US chart of the week—Capex conundrum

While we still believe an increase in capex will contribute significantly to US growth this year, hard data remains uneven.

 

Our 2018 US growth scenario of 3.0% GDP growth in the US is premised on solid non-residential investment growth of 7.0% – itself based on: (1) the positive business environement post tax cuts; (2) strong global growth; and (3) tighter domestic resource and capacity utilisation.

In Q1, US investment was up 6.1% y-o-y, down from 6.3% in full-year 2017. So we need US capital expenditure (investment) to accelerate again in the coming quarters to get to our 7% annual forecast, which is a crucial ingredient for our 3% GDP growth forecast.

The recent signals about investment show a disconcerting gap between surveys (i.e. what businesses say) and hard data (i.e. what they do). The surveys are indeed strong. The New York Federal Reserve’s recently released ‘Empire’ survey for May showed solid capex intentions (29.5, well above the 5-year average of 17.6). A special semi-annual ISM survey this month showed that capex intentions in the manufacturing sector up 10.1% on average for this year, compared with 2.7% in December 2017.

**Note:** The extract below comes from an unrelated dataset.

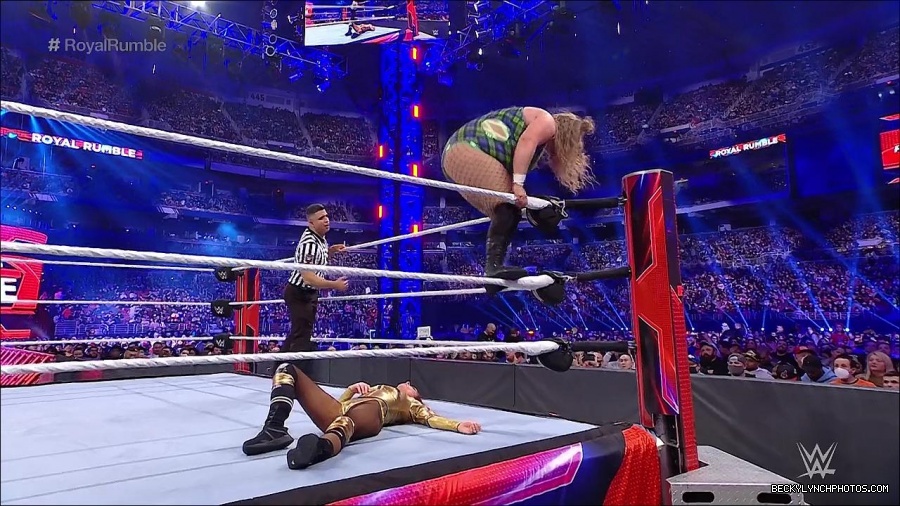 WWE_Royal_Rumble_2022_720p_WEB_h264-HEEL_mp4_007124044.jpg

However, hard data paint a more mixed picture. A good proxy for capex can be found in the industrial production series, particularly the machinery and business equipment sub-indices, which grew at a y-o-y rate of just 2.8% and 1.3%, respectively, in April—a disappointing outcome when set beside the buoyant surveys. For now, we are keeping our US capex optimism intact, but it could be called into question if hard data continues to underwhelm.